Steps to find files and folders in Linux:

  1. Search for an exact file name from the narrowest parent directory.
    $ find /srv/search-demo -type f -name "report-2024.txt"
    /srv/search-demo/reports/report-2024.txt

    -type f limits matches to regular files so directories with the same name are excluded.

  2. Search for an exact folder name by switching the type test to directories.
    $ find /srv/search-demo -type d -name "reports"
    /srv/search-demo/reports

    -type d returns directories only, which is useful when the target is a project tree, upload directory, or application data path.

  3. Match a filename pattern within a shallow tree.
    $ find /srv/search-demo -maxdepth 2 -type f -name "*.txt"
    /srv/search-demo/reports/report-2024.txt
    /srv/search-demo/reports/report-2023.txt
    /srv/search-demo/.hidden.txt

    Quote patterns such as "*.txt" so the shell passes the wildcard to find instead of expanding it in the current directory.

  4. Ignore case when the remembered name may not match the stored capitalization.
    $ find /srv/search-demo -type f -iname "settings.conf"
    /srv/search-demo/Archive/Settings.conf

    The -iname test is useful on mixed-case directory trees where the file name is remembered but not its exact spelling.

  5. Find recently modified files in the target directory.
    $ find /srv/search-demo/reports -type f -mtime -2
    /srv/search-demo/reports/report-2024.txt

    -mtime -2 matches files modified within the last two 24-hour periods. Use +N for files older than N days.

  6. Find files larger than a chosen size.
    $ find /srv/search-demo -type f -size +1M
    /srv/search-demo/backups/archive-2024.bin

    Size tests accept units such as k, M, and G. Prefix the value with + for larger than or - for smaller than the threshold.
    Related: How to check file and folder sizes in Linux

  7. Search the local root filesystem when the parent path is unknown.
    $ sudo find / -xdev -type f -name "shadow"
    /etc/shadow

    -xdev keeps the search on the starting filesystem and avoids descending into mounted backup, container, or network filesystems.
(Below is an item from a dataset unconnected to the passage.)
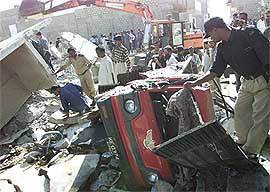 Police officers examine destruction caused by an explosion in Karachi on Thursday. A powerful explosion ripped through a chemical storage warehouse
Use a narrower starting path whenever the likely parent directory is known.

  8. Refresh the indexed path database before relying on locate for recent changes.
    $ sudo updatedb

    updatedb may be provided by plocate, mlocate, or another distribution package. No output means the database refresh finished without warnings.

  9. Use locate for a database-backed name lookup.
    $ locate report-2024.txt
    /srv/search-demo/reports/report-2024.txt

    locate reads the last built database, so it can miss files created after the last updatedb run or paths hidden by database visibility settings.

  10. Confirm the returned path before editing or deleting it.
    $ ls -ld /srv/search-demo/reports/report-2024.txt
    -rw-r--r-- 1 root root 5 Jun 13 11:39 /srv/search-demo/reports/report-2024.txt

    Listing the match confirms the file type, permissions, owner, size, timestamp, and path that a follow-up command would act on.